Warhol plays with her pose by connecting her pink lips with a swath of pink color that falls across her hands. This results in a kind of receptivity; one that is trapped inside of something else, suggesting there is more will behind the display when it is made by Ross in particular than when it’s made by others. The combination of blue, yellow and purple colors in Ladies and Gentlemen 136 evokes the eccentric aesthetic of drag fashion, falling somewhere between the runway and the smoky interior of a small club late at night. Another notable activist and drag queen in the series is Marsha P. Johnson, who is featured in Ladies and Gentlemen 133.

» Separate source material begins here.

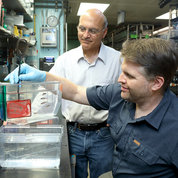 Daniel Castranova (r), an aquatic research specialist, scoops up zebrafish for study as Dr. Brant Weinstein looks on.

An Italian art Dealer named Luciano Anselmino suggested that Warhol do a portfolio on drag queens. Anselmino was a protege of sorts of Alexander Iolas, who Warhol worked with previously. Warhol decided to document the drag queens and Black and Latinx trans individuals who frequented the Gilded Grape nightclub. A hole in the wall disco near Hell’s Kitchen, the Gilded Grape provided a much-needed gathering place for the queer community. Warhol enlisted his assistant Ronnie Cutrone, and Interview magazine editor Bob Colicello, to scout for drag queens at the club. They would offer them $50 to pose for “a friend,” and bring them to The Factory the next day.

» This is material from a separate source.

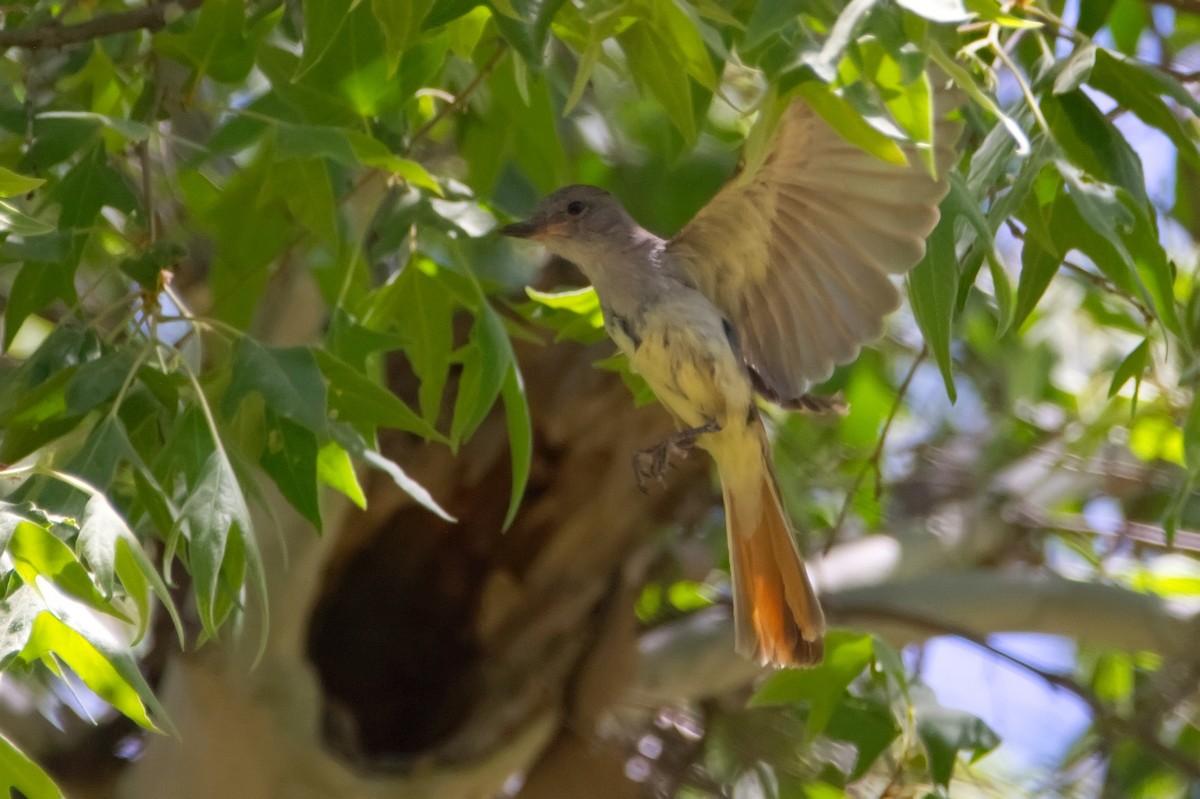 Nutting's Flycatcher - ML453565501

Patrons of the club have asserted that it was not only inclusive to crossdressers, but to all kinds of hustlers, sex workers, and runaways. This gave the place an edgy, yet accepting street atmosphere that mirrored the wild energy at The Factory. Thus, there is little surprise that Warhol found the place so appealing and wished to capture its mystique.
Ladies and Gentlemen 136 may raise questions about representation, such as Warhol and his associates under-compensating and not officially recognizing the names and identities of the models. Yet, it does seem that Warhol portrayed them in a way that is extremely earnest. The series makes for a unique commentary on the drag queen’s zeal for display, as well as the pain of their performance; a performance that extended beyond the warm friendly nights at the Gilded Grape into the unwelcoming world beyond its doors.
Ladies and Gentlemen 136 is a quintessential Warhol work. It exhibits his signature style and methods of the late 1970s and 80s. The polaroid form, color blocks, and collage-like style call to mind the ultra-famous Mick Jagger series, the later Reigning Queens, and prints like George Gershwin 231.